SUPPLIED MATERIAL:
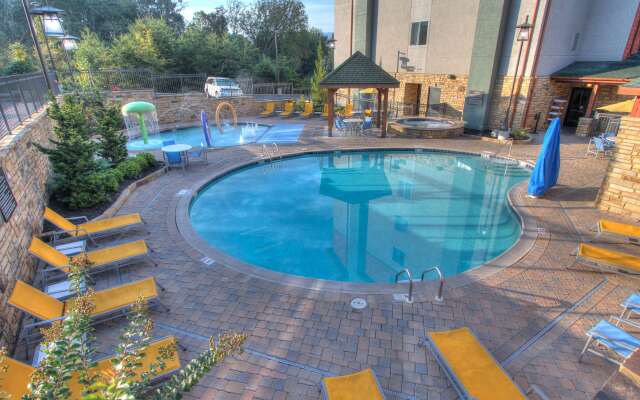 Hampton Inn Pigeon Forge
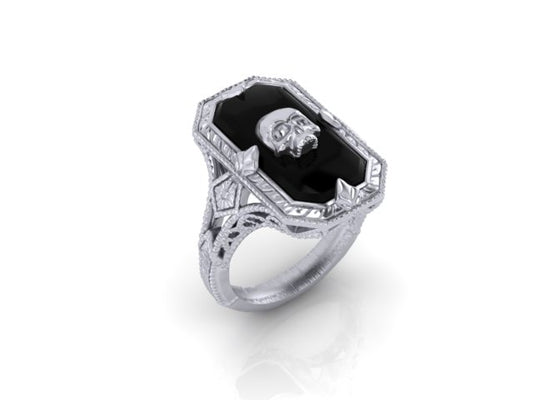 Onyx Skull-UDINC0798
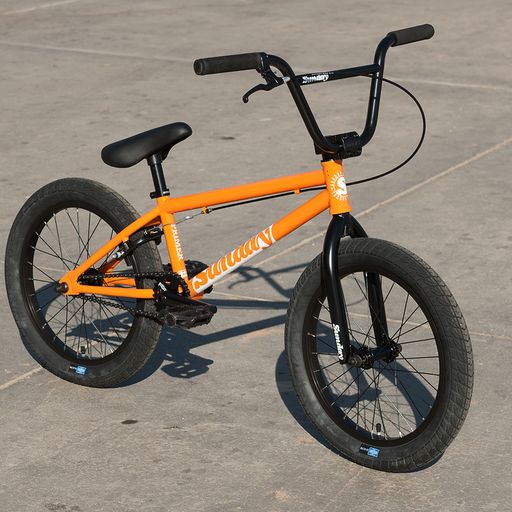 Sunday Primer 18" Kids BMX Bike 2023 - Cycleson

...

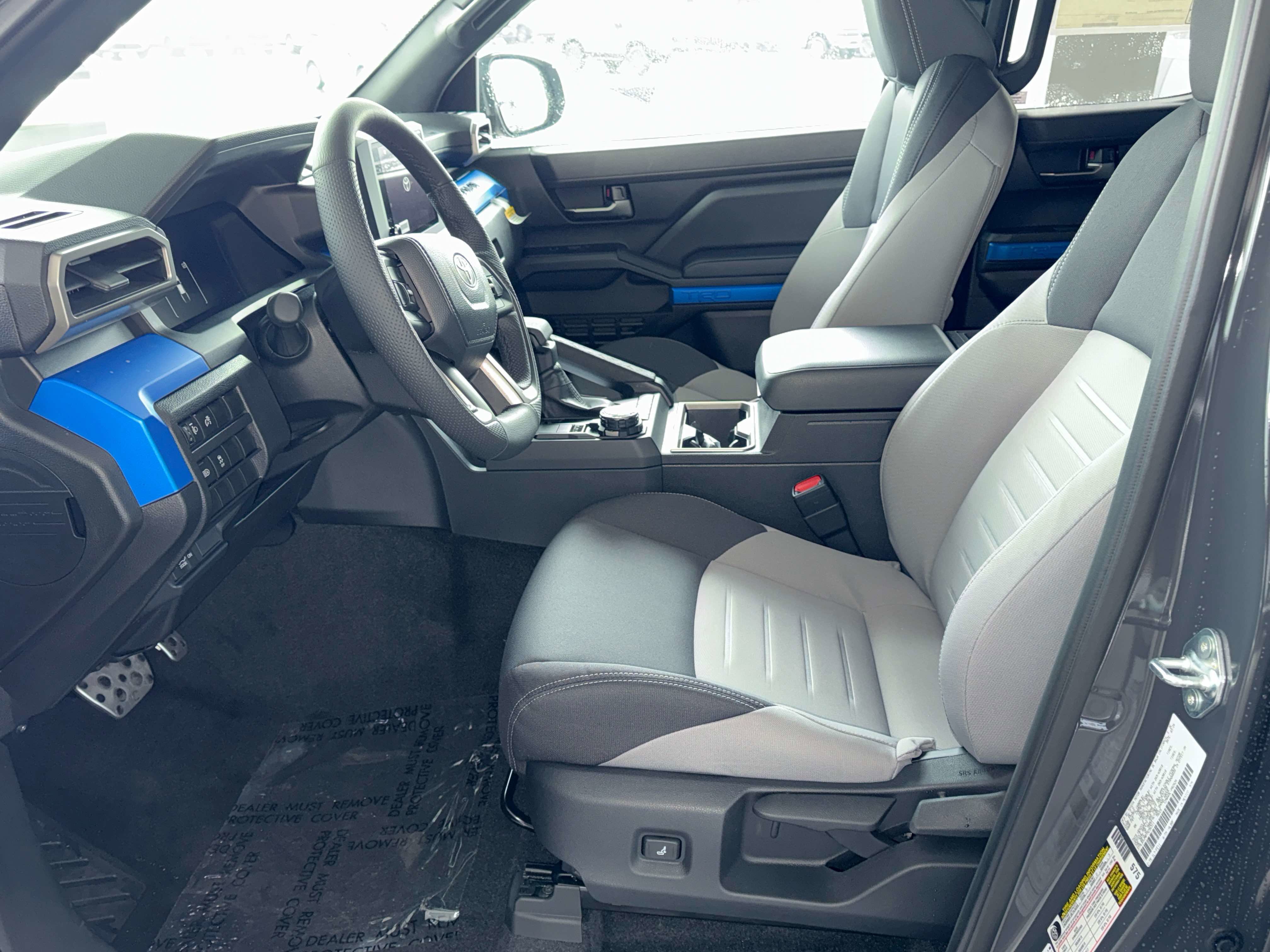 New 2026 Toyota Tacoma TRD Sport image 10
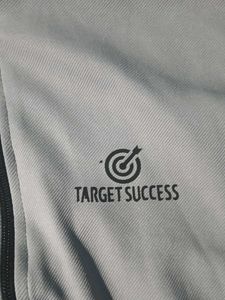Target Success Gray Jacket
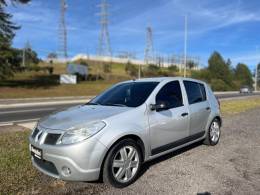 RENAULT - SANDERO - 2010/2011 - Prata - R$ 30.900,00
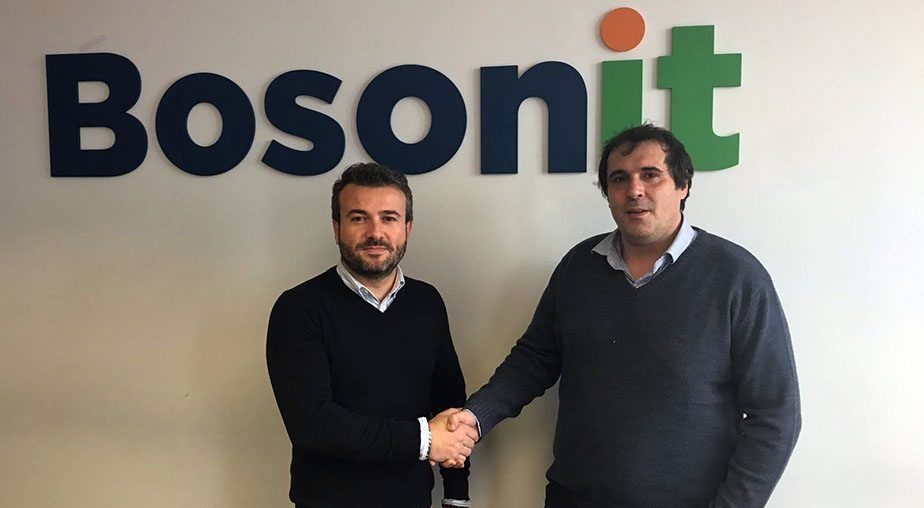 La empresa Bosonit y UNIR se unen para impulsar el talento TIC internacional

==

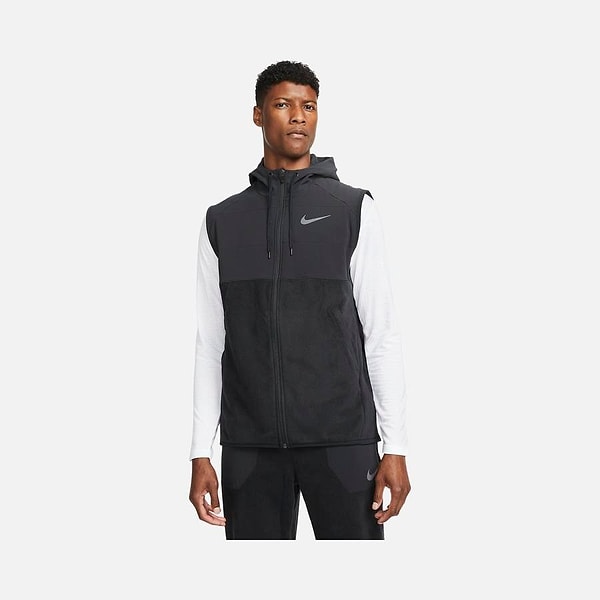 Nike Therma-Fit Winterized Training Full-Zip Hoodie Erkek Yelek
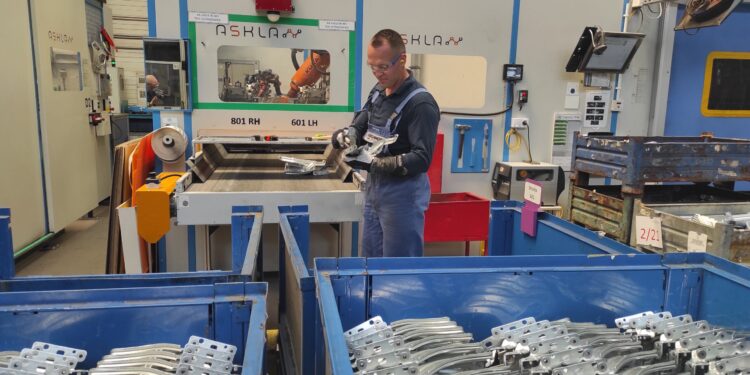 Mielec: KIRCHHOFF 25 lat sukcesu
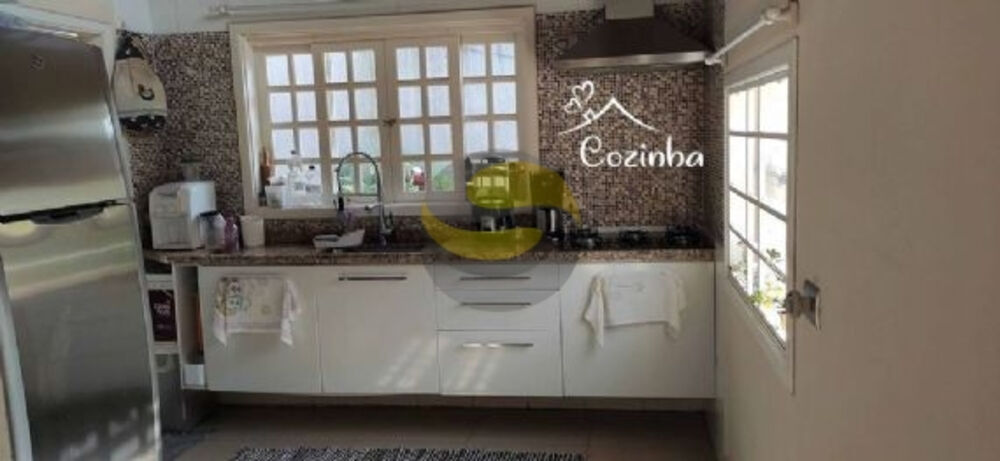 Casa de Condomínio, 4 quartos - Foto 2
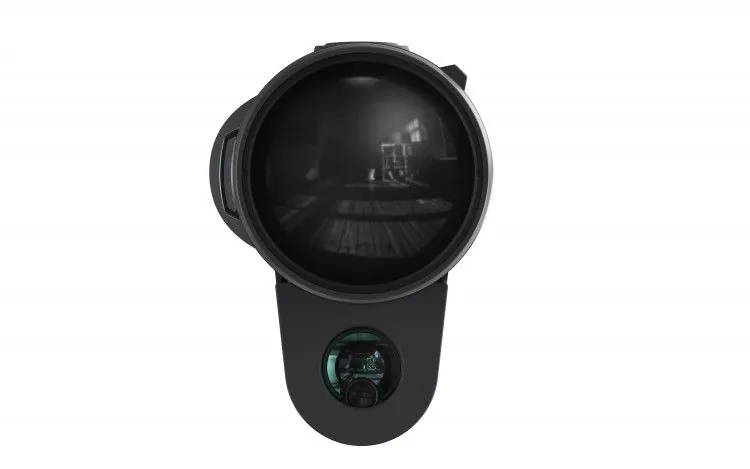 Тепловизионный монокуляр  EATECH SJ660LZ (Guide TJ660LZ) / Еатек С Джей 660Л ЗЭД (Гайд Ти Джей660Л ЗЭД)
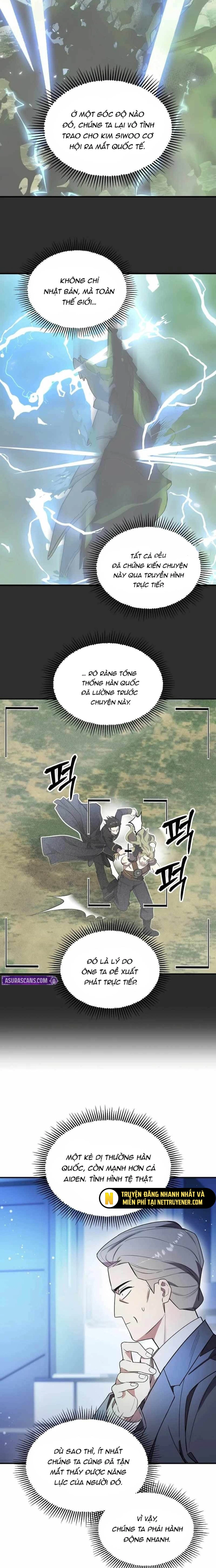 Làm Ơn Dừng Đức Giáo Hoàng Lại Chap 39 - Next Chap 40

WORK REQUEST:
In the entries above, find the line containing "Hampton Inn Pigeon Forge" and the line containing "2023 - Cycleson", then copy both and every line between them exactly, without any picture.

EXPECTED ANSWER:
 Hampton Inn Pigeon Forge
 Onyx Skull-UDINC0798
 Sunday Primer 18" Kids BMX Bike 2023 - Cycleson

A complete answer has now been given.